- Aim of the exercise
Every entry below is to be returned unchanged. Images are not part of the copy.

- Data
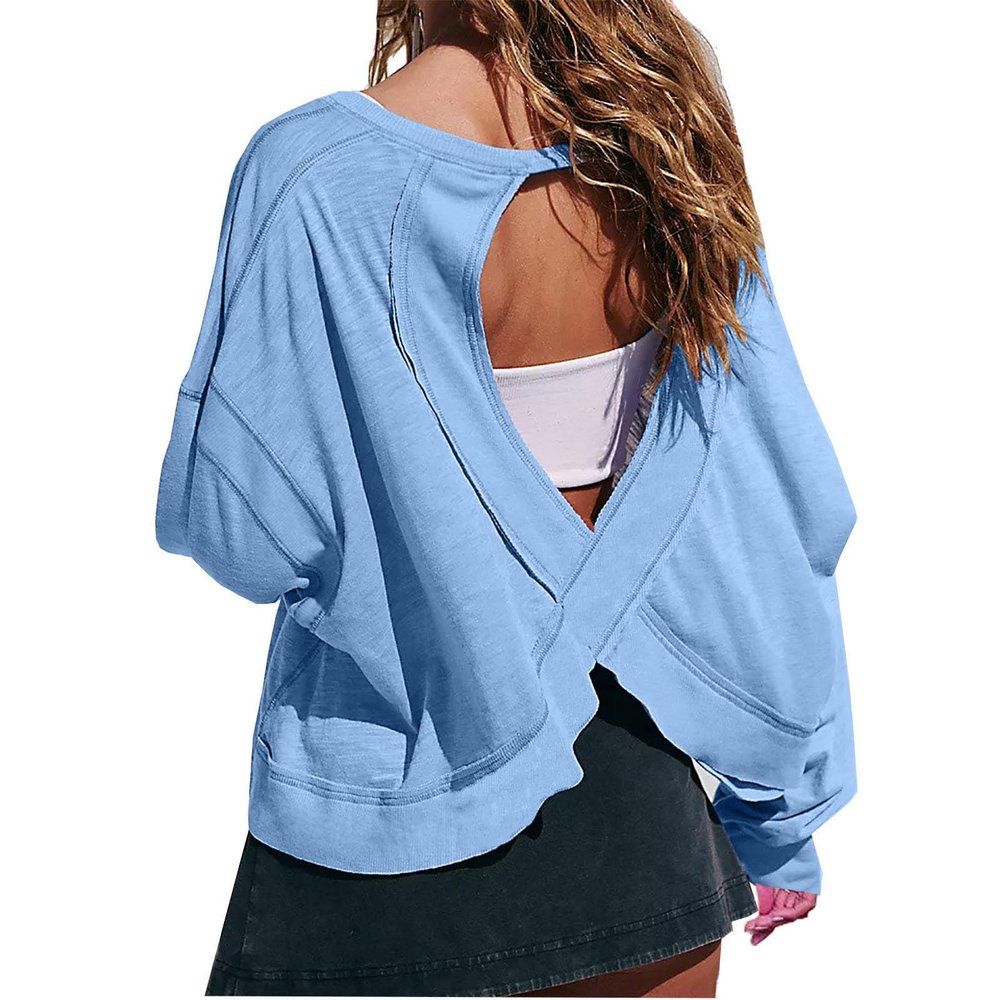 NineFit Basics Womens Open Back Workout Tops Backless Long Sleeve Athletic Shirt Casual Summer Loose Running Crop Top Gym Yoga Tee Blue, Small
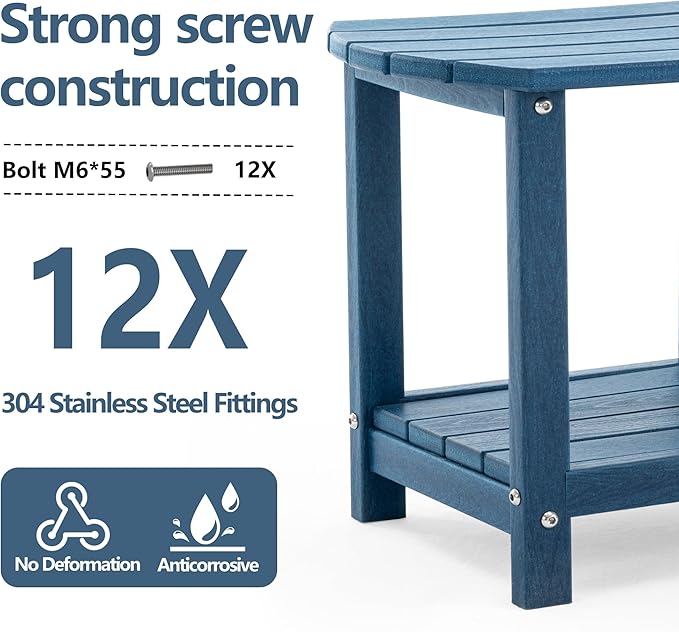 Folding Adirondack Chair Set with Side Table - HDPE Outdoor Patio Chairs, Weatherproof Chair with Reclining Back, Cup & Phone Holder, and 2-Tier Storage End Table for Firepit or Garden (Blue)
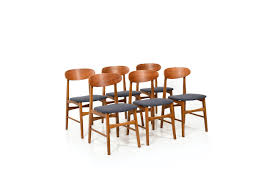 Dinning room bench dining bench with back dining chair kitchen seating table seating small bench sylvia charcoal bench with tufted backrest | the sylvia bench's contemporary design makes a sharp the upholstered seat and back ensure that every diner is comfortable — even if. Set Of 6 Mid Century Dining Chairs With Teak New Upholstered Room Of Art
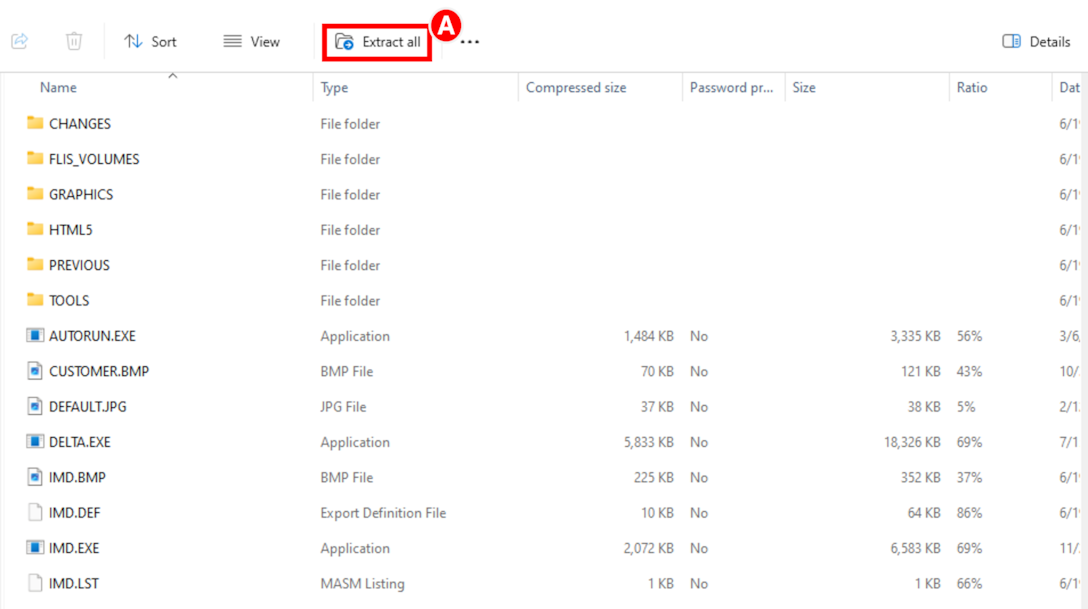 From the PublogDVD.zip file location in the file explorer the user must select "Extract all".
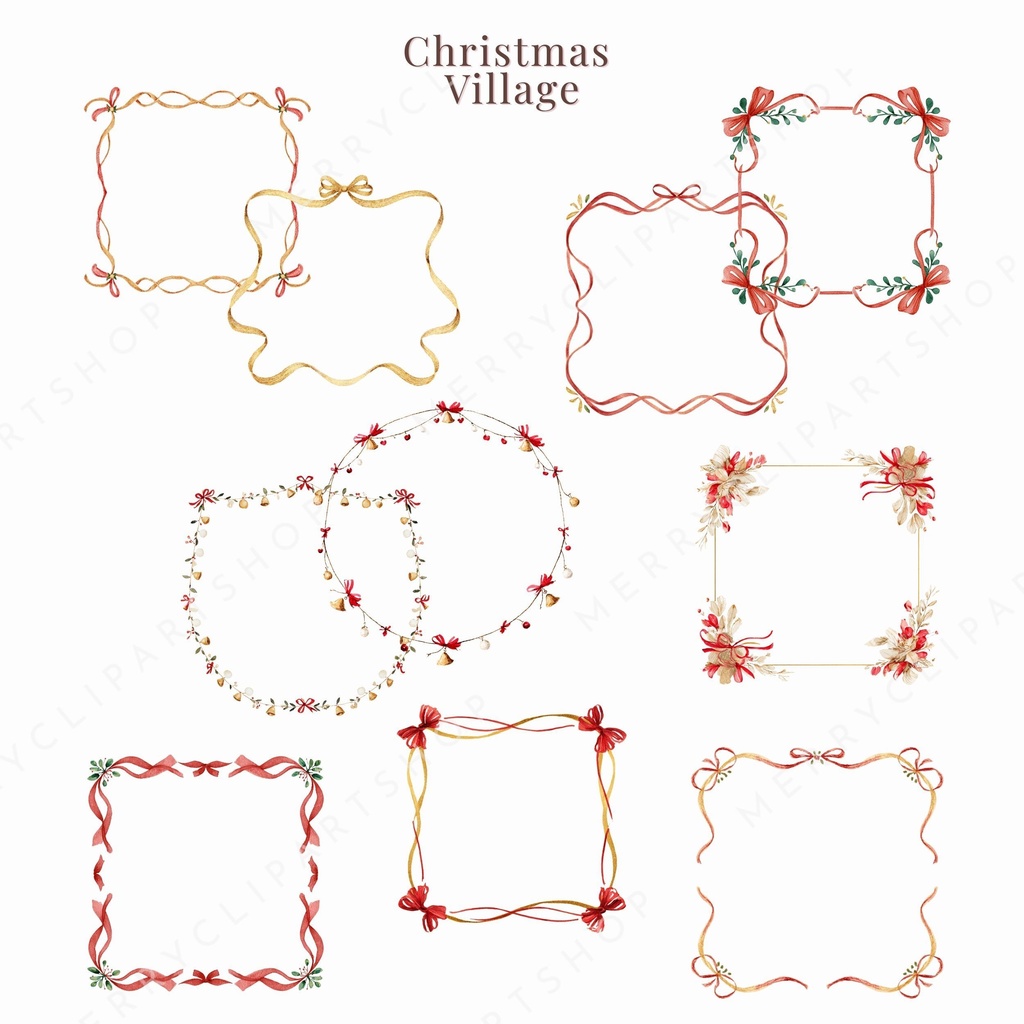 クリスマスの街並み:パステルイラスト素材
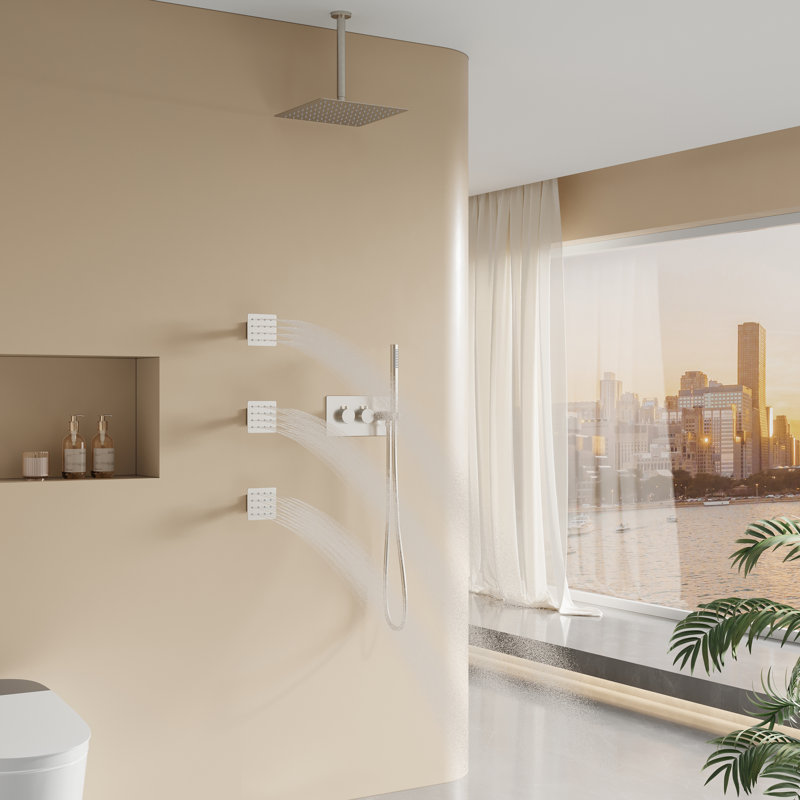 3-Function Ceiling-Mounted Shower System With 12" Ultra-Thin Square Shower Head,Body Jets And Hand Shower (Valve Included)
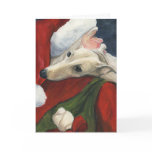 " Greyhound and Santa" Dog Art Christmas Card
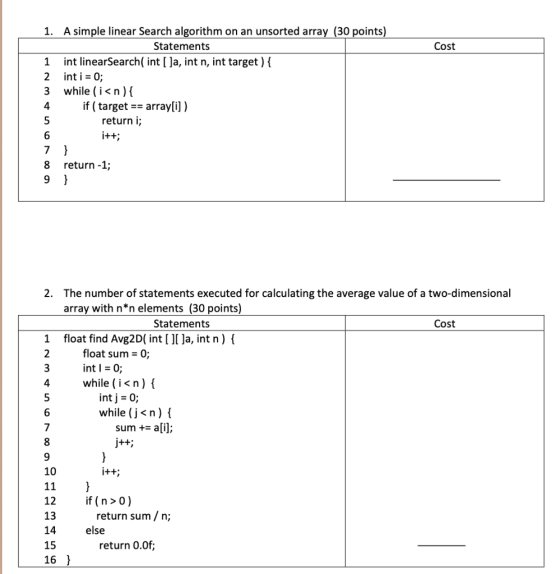 Cost vouw 1. A simple linear Search algorithm on an unsorted array (30 points) Statements 1 int linearSearch( int [ ]a, int n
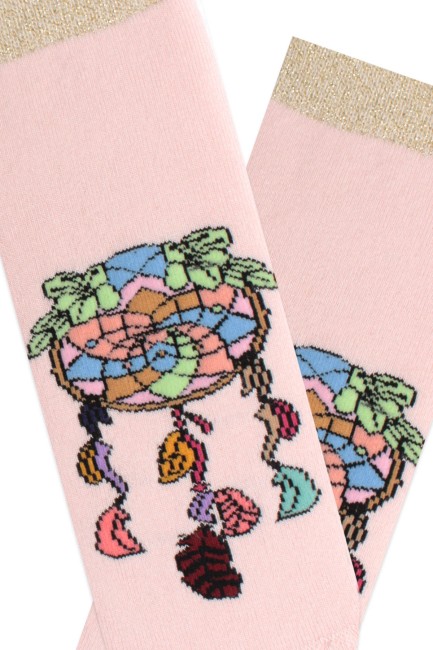 Bross Mandala Desenli Kaydırmaz Havlu Kadın Çorap - Thumbnail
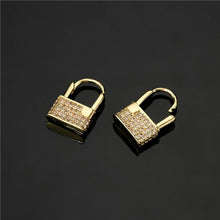 Load image into Gallery viewer, Funmode Trendy Style Padlock Design Drop Earring Dangle Earring For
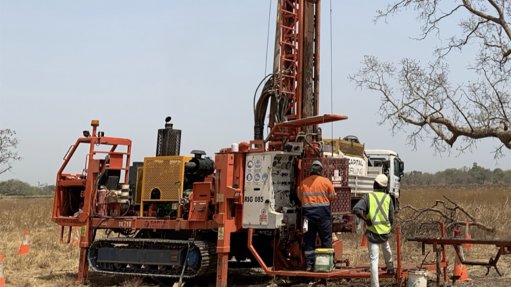Image of a drill rig at the Goulamina project, Mali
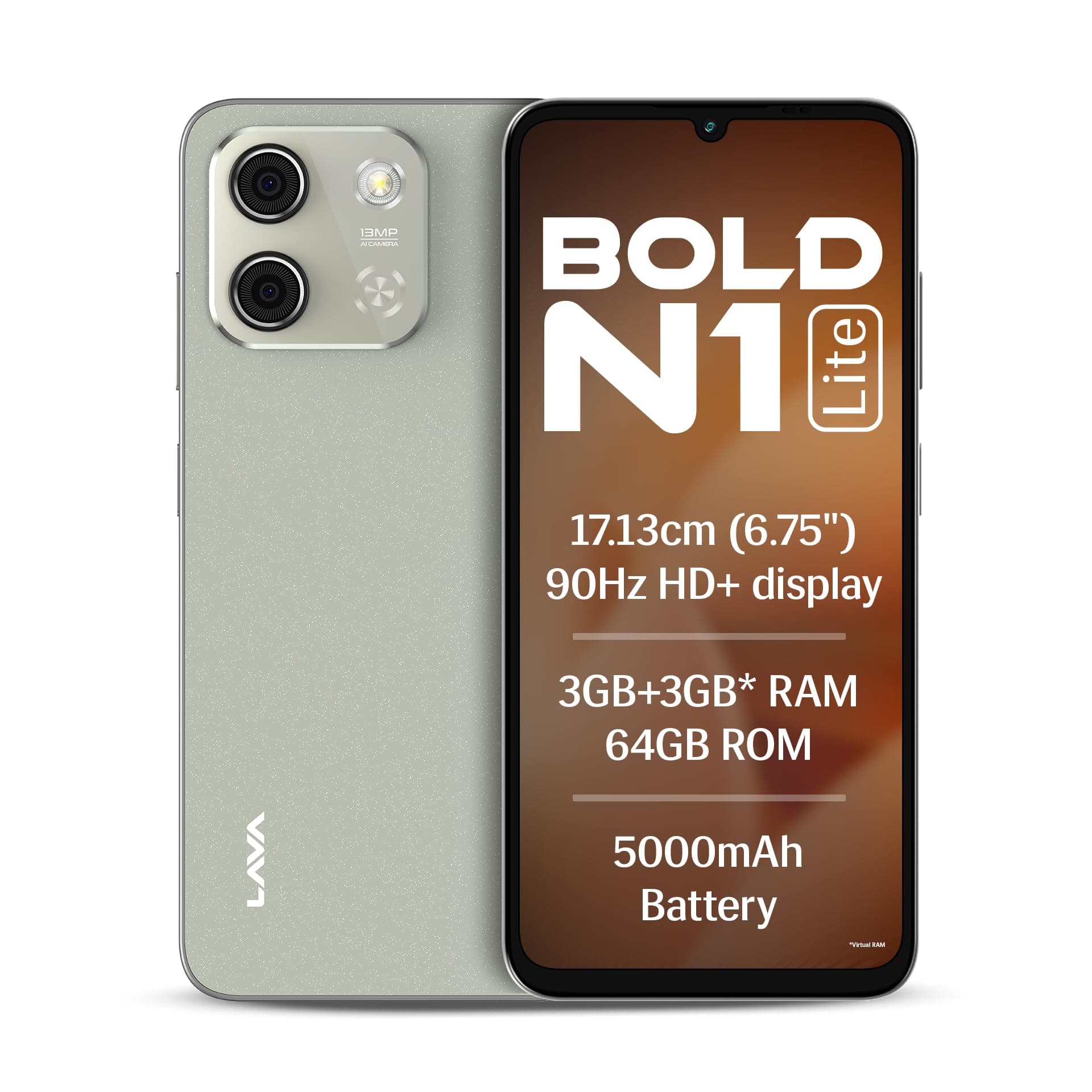 Lava Bold N1 Lite (Crystal Gold, 3 GB RAM, 64 GB Storage) | 6.75" HD+ Display | 13MP AI Dual Rear Camera | 5000 mAh Battery | Secure Face Unlock | Fin...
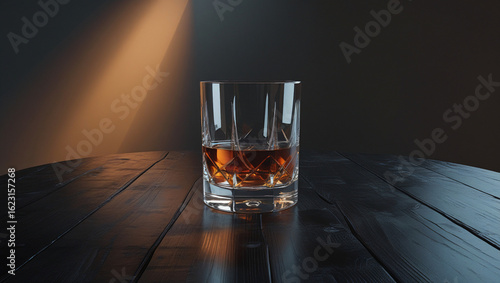 Empty Whiskey Glass on Wooden Table with Dramatic Lighting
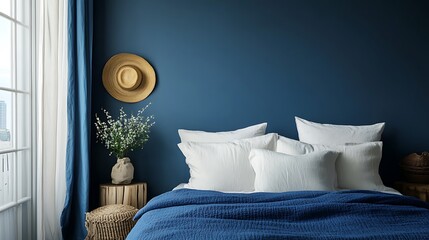 Elegant and Cozy Modern Bedroom Interior Design with Stylish Decor, mockup, poster and Background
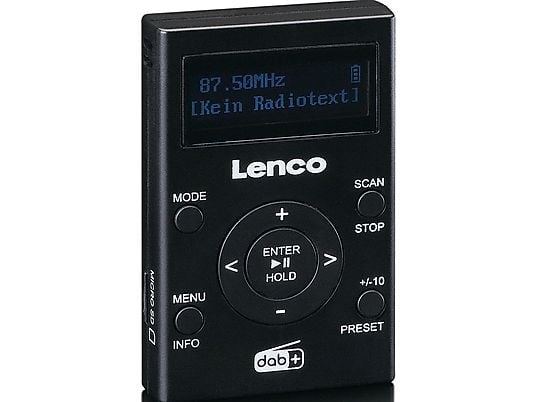 LENCO PDR-011BK - Taschenradio (DAB+, FM, DAB, Schwarz)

- Solution to this exercise
 NineFit Basics Womens Open Back Workout Tops Backless Long Sleeve Athletic Shirt Casual Summer Loose Running Crop Top Gym Yoga Tee Blue, Small
 Folding Adirondack Chair Set with Side Table - HDPE Outdoor Patio Chairs, Weatherproof Chair with Reclining Back, Cup & Phone Holder, and 2-Tier Storage End Table for Firepit or Garden (Blue)
 Dinning room bench dining bench with back dining chair kitchen seating table seating small bench sylvia charcoal bench with tufted backrest | the sylvia bench's contemporary design makes a sharp the upholstered seat and back ensure that every diner is comfortable — even if. Set Of 6 Mid Century Dining Chairs With Teak New Upholstered Room Of Art
 From the PublogDVD.zip file location in the file explorer the user must select "Extract all".
 クリスマスの街並み:パステルイラスト素材
 3-Function Ceiling-Mounted Shower System With 12" Ultra-Thin Square Shower Head,Body Jets And Hand Shower (Valve Included)
 " Greyhound and Santa" Dog Art Christmas Card
 Cost vouw 1. A simple linear Search algorithm on an unsorted array (30 points) Statements 1 int linearSearch( int [ ]a, int n
 Bross Mandala Desenli Kaydırmaz Havlu Kadın Çorap - Thumbnail
 Load image into Gallery viewer, Funmode Trendy Style Padlock Design Drop Earring Dangle Earring For
Image of a drill rig at the Goulamina project, Mali
 Lava Bold N1 Lite (Crystal Gold, 3 GB RAM, 64 GB Storage) | 6.75" HD+ Display | 13MP AI Dual Rear Camera | 5000 mAh Battery | Secure Face Unlock | Fin...
 Empty Whiskey Glass on Wooden Table with Dramatic Lighting
 Elegant and Cozy Modern Bedroom Interior Design with Stylish Decor, mockup, poster and Background
 LENCO PDR-011BK - Taschenradio (DAB+, FM, DAB, Schwarz)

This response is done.